Currency markets went on a roller coaster ride today in NY, with the many ups and downs flowing from expectations ahead of the FOMC policy statement and then from the reaction to the Fed's announcement. First off, what did the Fed signal? Steady rates at 0.00-0.25% for an extended period (same language as recent statements), a slightly more upbeat view on the economy (''economic activity is leveling out''), and a step back from quantitative easing (Treasury and mortgage security purchases) by not expanding previously announced asset purchases. The Fed statement was broadly in line with market expectations, but the shift in quantitative easing was somewhat unexpected and represents the first signal that unconventional easing is unlikely to be expanded as the economy stabilizes.
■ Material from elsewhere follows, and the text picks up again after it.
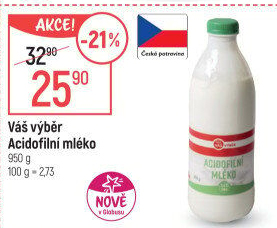 Acidofilní mléko Váš Výběr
The FX moves essentially continued to revolve around risky asset markets, as the JPY-crosses rebounded from overnight declines as US stock markets posted early gains on expectations the Fed would acknowledge economic stabilization but keep rates on hold. EUR/JPY rallied from around 135.00 to just over 137.00 as stock markets posted early gains of about 1.25%. The USD weakened in tandem with rising stock markets, as so-called 'riskier' currencies were bought. After the Fed announcement, the USD bounced back and JPY-crosses slid lower, while stocks faltered momentarily on the potential reduction in unconventional easing. But stocks quickly stabilized and surged to new highs, causing yet another intra-day rebound in JPY-crosses. Heading into the close, however, stocks surrendered some of their gains to close slightly below levels prevailing before the Fed's announcement. EUR/JPY slipped lower in unison, finishing out around 136.30, mid-way between its post-FOMC high of about 137.25 and its post-FOMC low of around 135.50.
FX correlations to risk assets looks set to continue in the sessions ahead and the key will be whether Asian and European investors embrace the same cautiously optimistic outlook displayed in NY today.